Of course from an intellectual property and copyright perspective you, of course, still own it. What you lose is control over your data. Since the original .com boom services have been known to close up shop (sometimes overnight, because of a lack of funding or interest), or have control, access or privacy problems. Even the big guys like Facebook and Microsoft can fall prey to these kinds of issues.
The response from the group was well reasoned and expected, “I’m sure they keep backup copies of the data from their posts on their own systems if they have to restart elsewhere.” The representative nodded in agreement. While this is a great plan (and one every organization should put into place), it doesn’t solve the real problem.
When using a free service like Tumblr, or even a freemium one that primarily serves non-paying accounts, accountability becomes difficult if there are any service hiccups.
Need proof? Try to find a customer service phone number for GMail (the Contacting Support page is here. On the other hand, if you’re paying to use Business Google Apps for your domain and mail services (which is a paid product) there’s a 24/7 emergency hotline.

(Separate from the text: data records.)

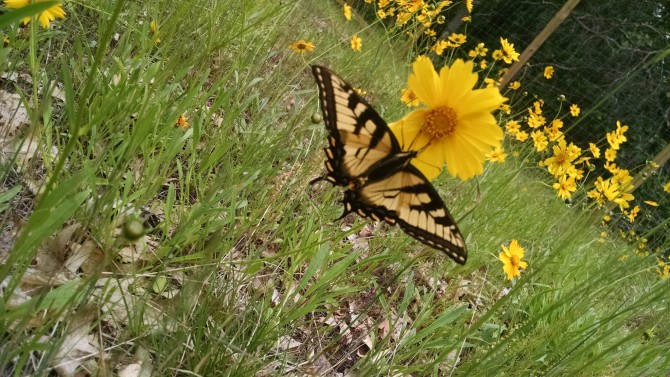 tigerswallowtail-on-corlan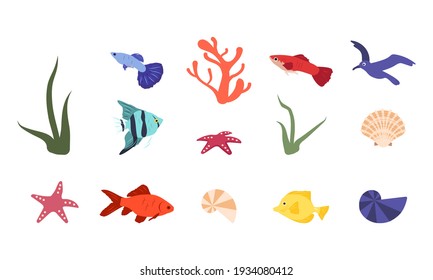Set of bright icons of fish, corals, seashells and sea elements. Summer marine items or for aquarium and pet shop. Vector illustration in flat style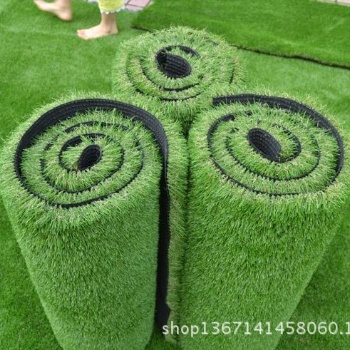 塑料草坪价格北京人造草坪厂家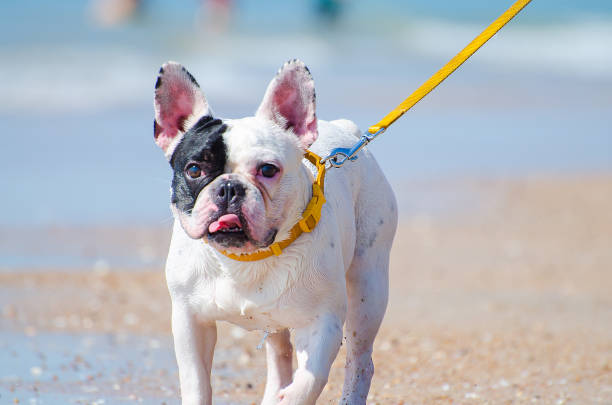istock Dog French Bulldog 981837608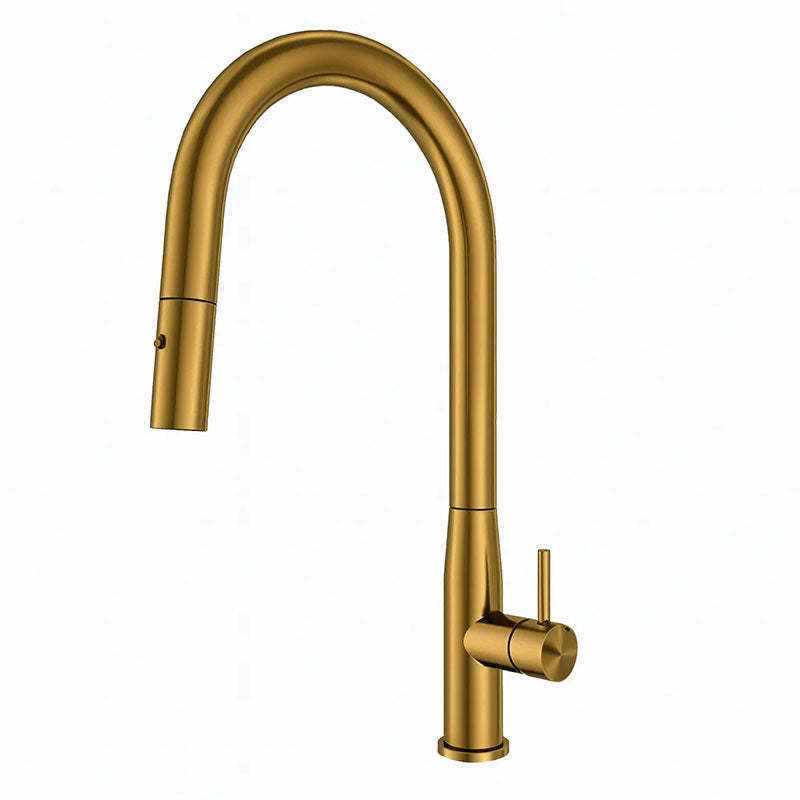 Navona Carysil Slim Pull out Kitchen Mixer Brushed Gold
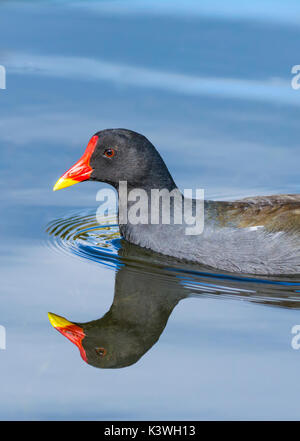 Moorhen nuoto (Gallinula chloropus) in acqua con riflesso perfetto. Ritratto Moorhen Moorhen copia spazio. Foto Stock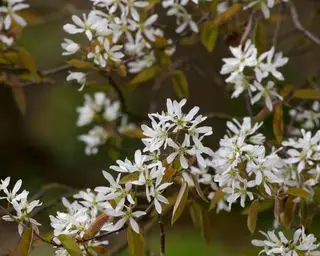 amelanchier, který lze vysadit jako holý kořenový strom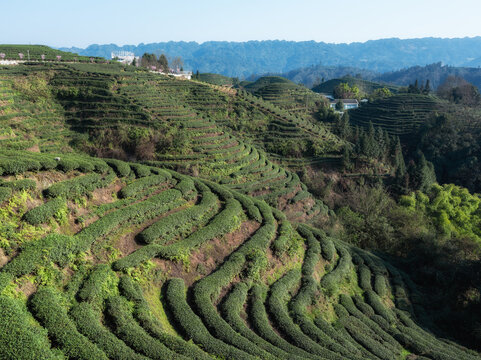 茶山风光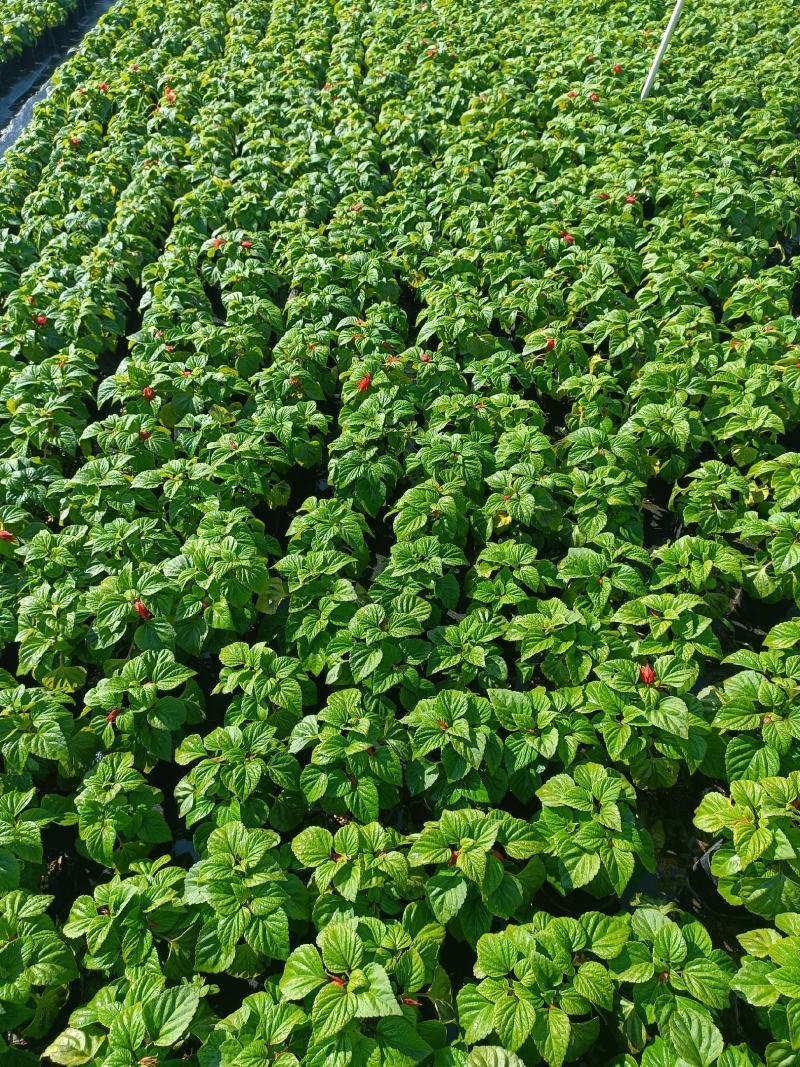基地现拍大量时花草花泥炭土种植（一串红）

For mission critical projects or the foundation of your programs, do you really want to rely on a service that has no revenue stream from their primary business? Or do you want to know that someone is accountable? The greatest loss to Tumblr if they lose your business is losing a user. The loss to a paid service is a loss to part of their revenue stream in addition to the loss of a user. Which service type do you think has greater motivation to keep you?

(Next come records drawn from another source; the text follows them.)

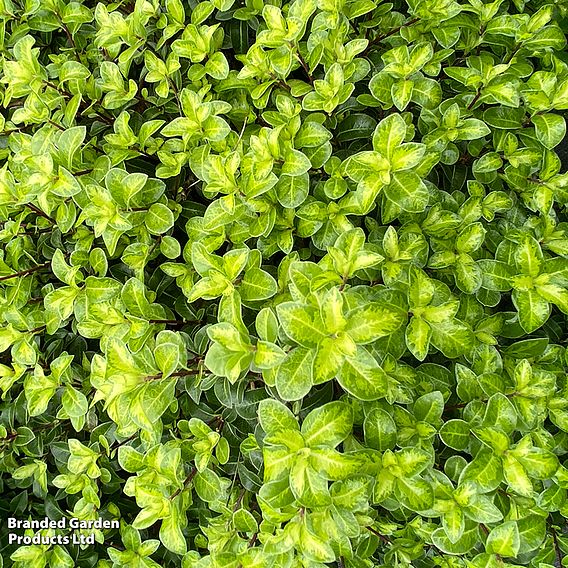 Pittosporum tenuifolium 'Golden Ball'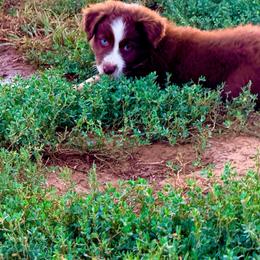 Sitka - Red & white male Australian Shepherd puppy in Mineral Wells, Texas from A6 Australian Shepards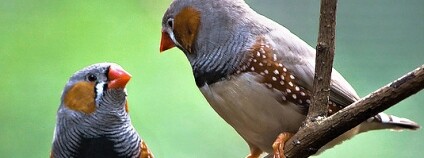 Foto: NeilsPhotography / Flickr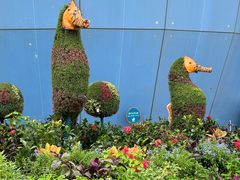 -香港海洋公园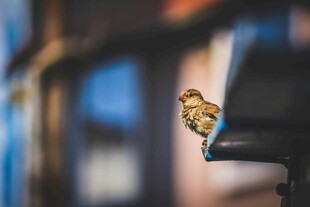 窗边小鸟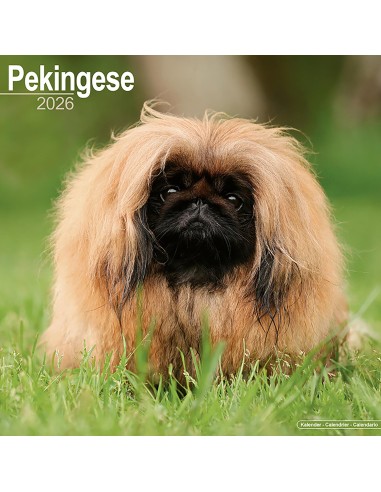 Calendars with small dogs and puppies - Record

Then of course, Tumblr did go down. For over a day. Tumblr’s not the only platform that would be susceptible to that kind of outage. The same could have happened to a blog hosted on WordPress.com, Blogger.com, etc. But a self-hosted blog using any one of a number of platforms would remove at least one possible link in the chain between a blog and its visitors. And as we know a chain is only as strong as its weakest link.
Do you know where your weakest link is? Can you eliminate it? What is it worth to you in (dollars, cents and time) to keep greater control of your content?